TASK DETAILS: The range runs from the line containing "Ремень грм +Ролик Geely Мк" through the last line of the material below; retype it exactly, leaving out the pictures.

SUPPLIED RECORDS:
● ● ●
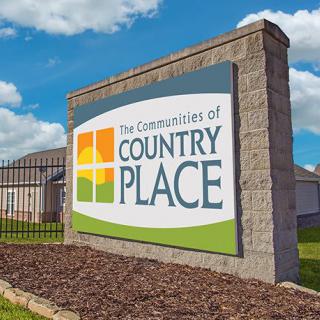 Entrance sign for The Communities of Country Place.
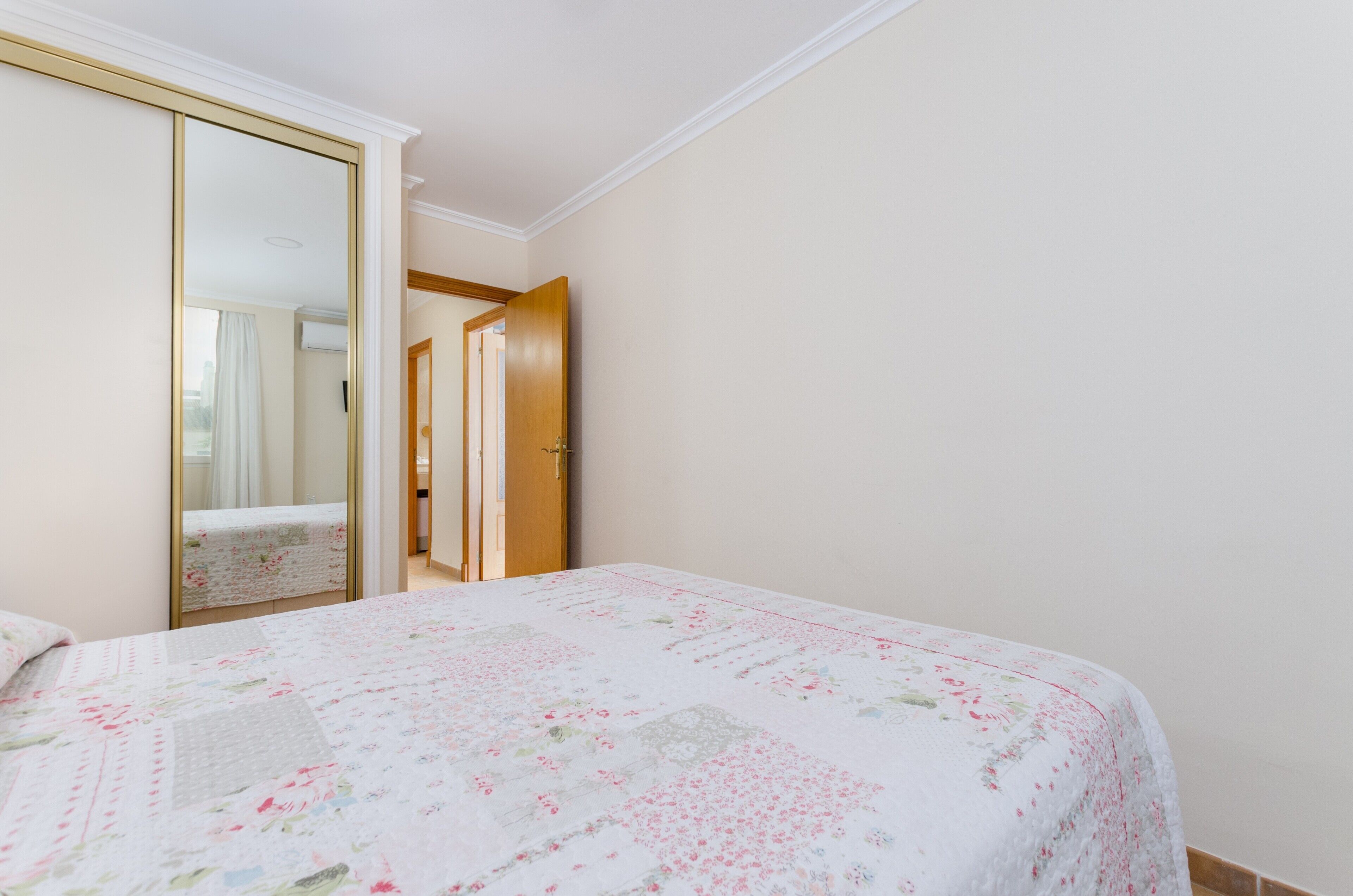 Un dormitorio con una cama, un armario y una puerta que da a otra habitación.
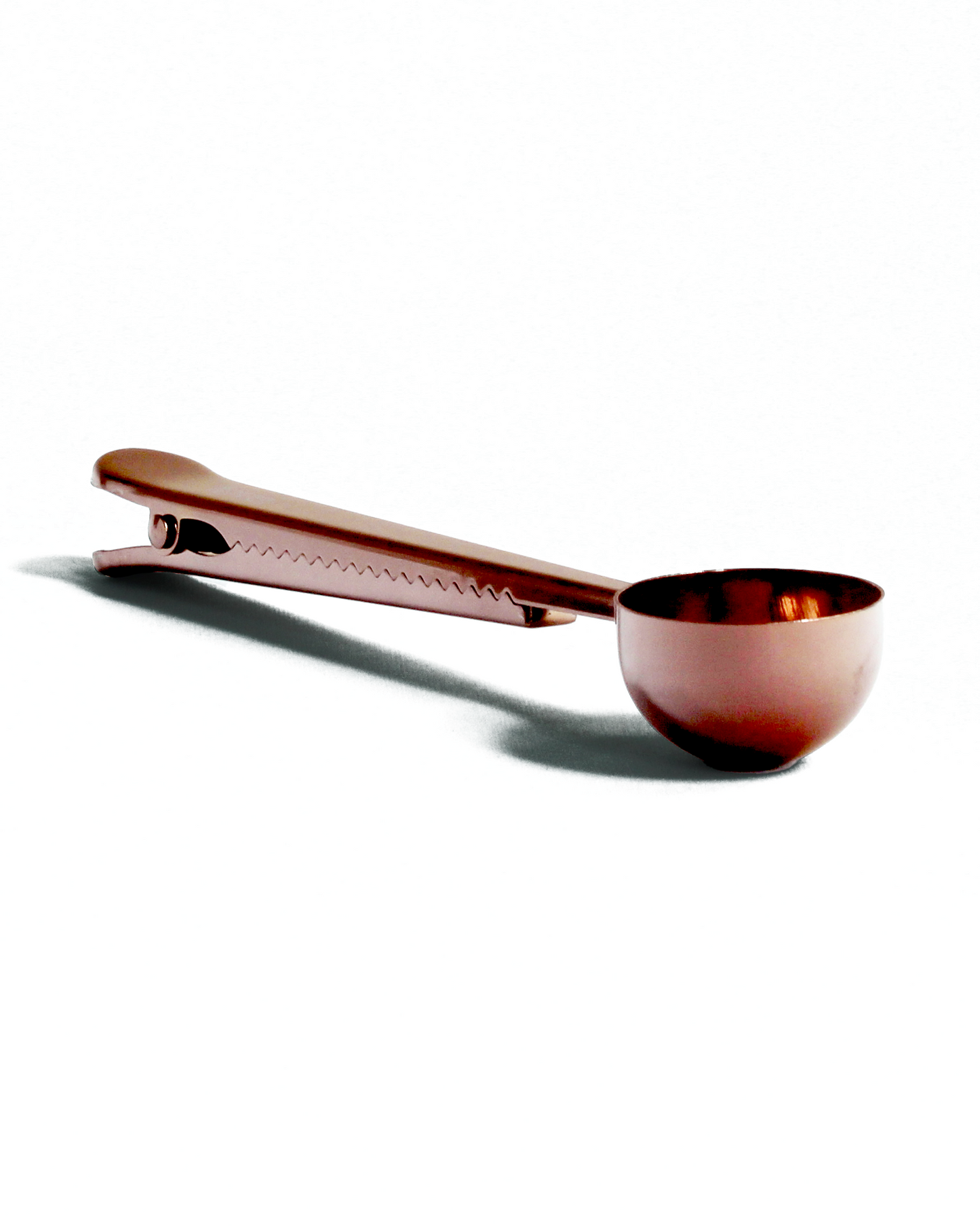 Copper-colored measuring spoon on a white background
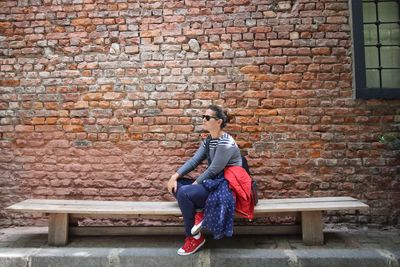 Young woman sitting against brick wall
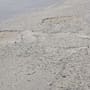Baches en calle Hortencias generan inconformidad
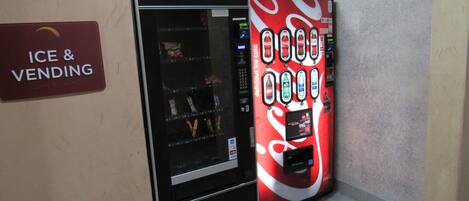 A vending machine with a Coca-Cola advertisement and a sign for 'Ice & Vending'.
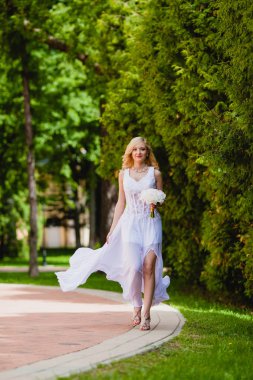 Beyaz elbiseli genç güzel gelin yaz parkta yürüyor 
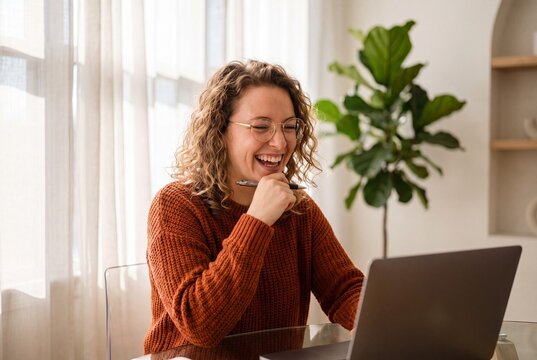 Happy young woman with curly hair laughing while working on a laptop at home
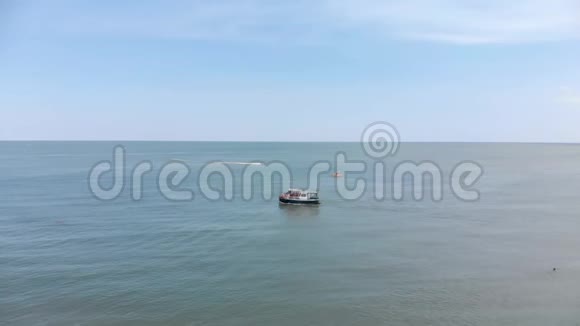 船在海上航行人们在海滩上晒日光浴鸟瞰海滩和大海大海上的波浪海洋海滩视频的预览图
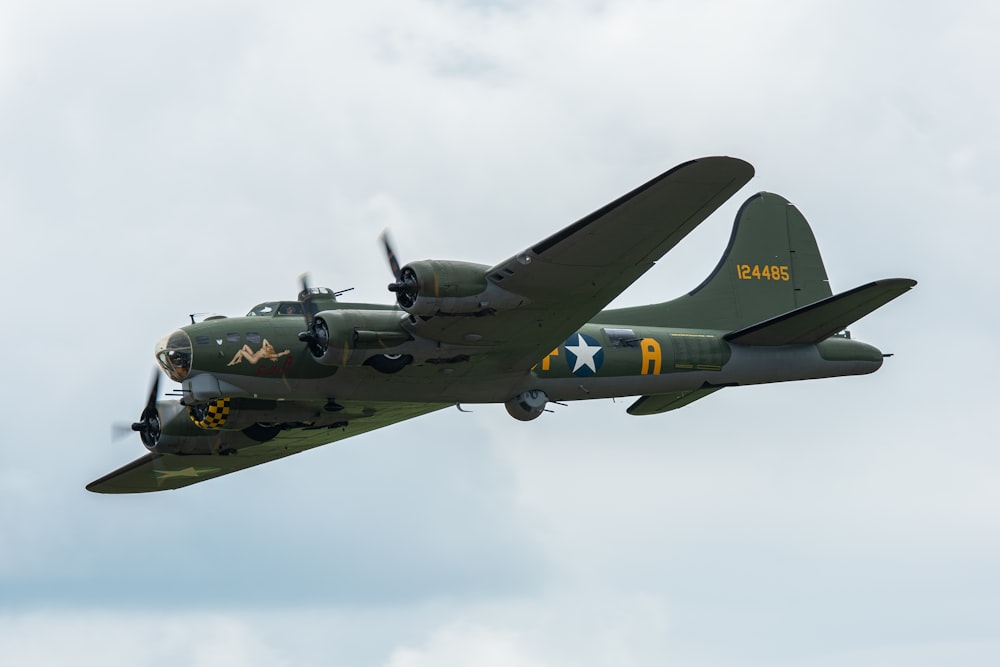 a green airplane flying through a cloudy sky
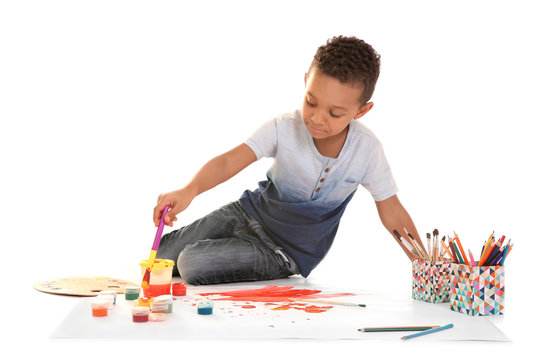 Little African-American boy painting against white background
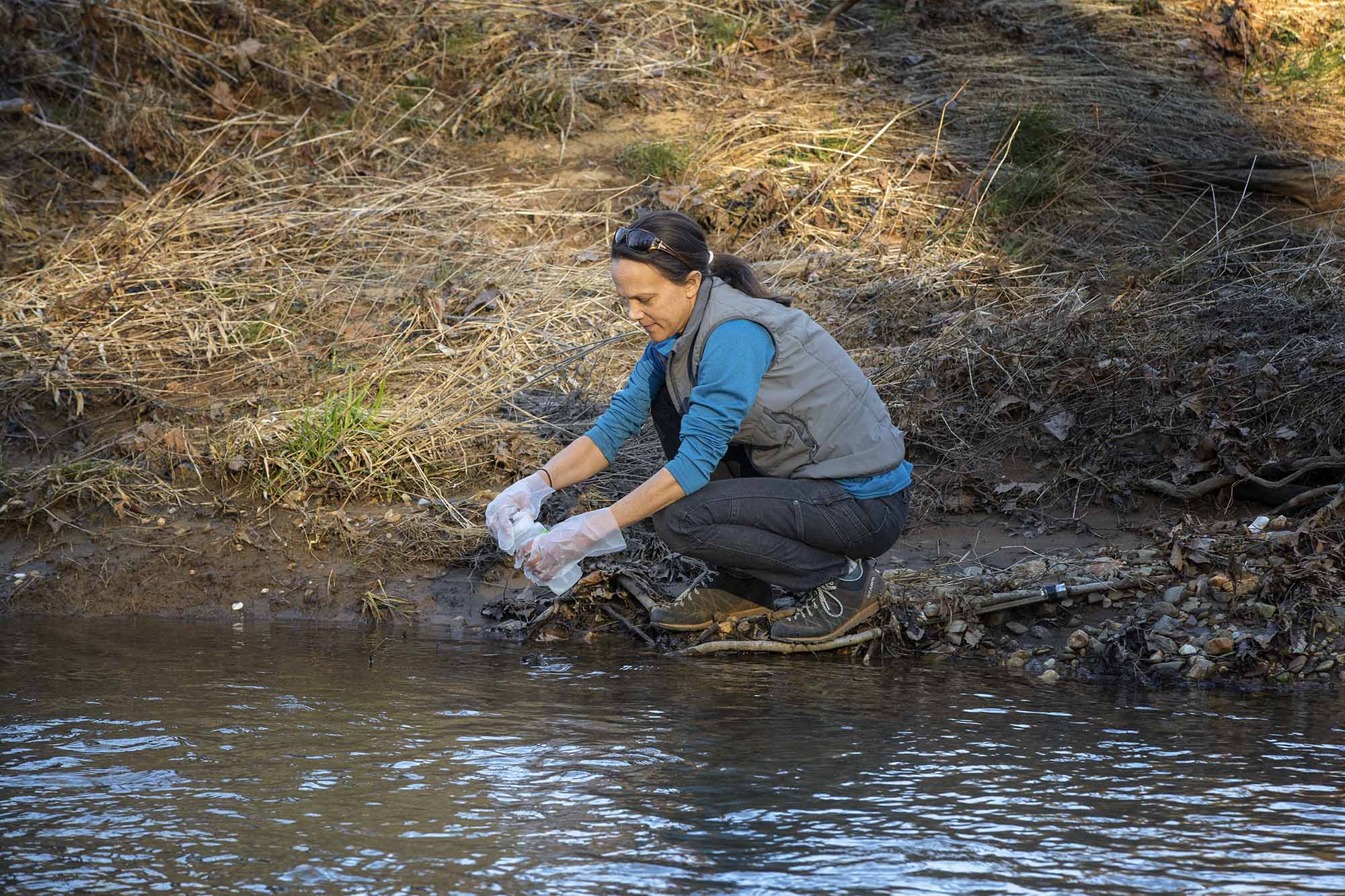 Ami Riscassi collecting a water sample in the national park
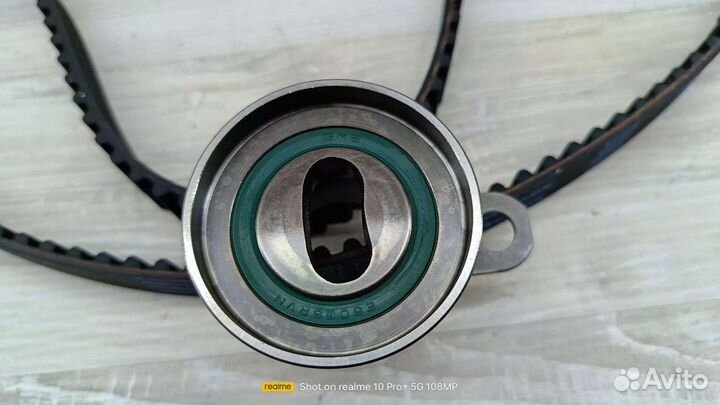 Ремень грм +Ролик Geely Мк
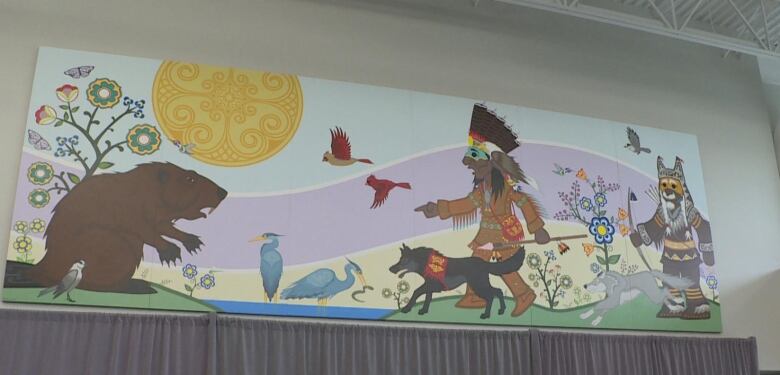 Mural depicting artistically rendered giant beaver being confronted by two men, one with a spear and another with a bow with dogs, birds and flowers surrouding them.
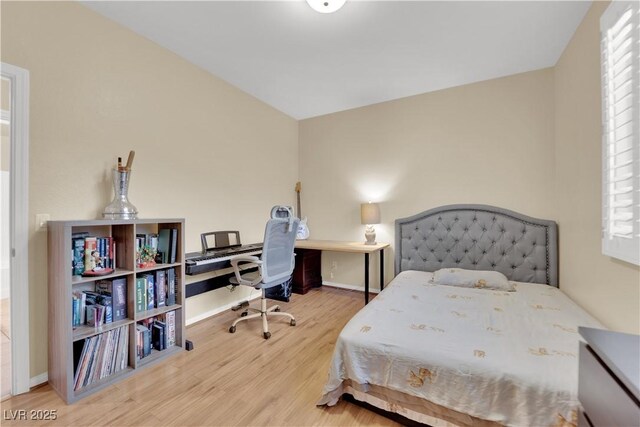 7183 Majestic Bluff Pl, Las Vegas, NV 89113 - bedroom with wood finished floors, baseboards, and a desk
● ● ●
EXPECTED OUTPUT:
 Ремень грм +Ролик Geely Мк
 Mural depicting artistically rendered giant beaver being confronted by two men, one with a spear and another with a bow with dogs, birds and flowers surrouding them.
 7183 Majestic Bluff Pl, Las Vegas, NV 89113 - bedroom with wood finished floors, baseboards, and a desk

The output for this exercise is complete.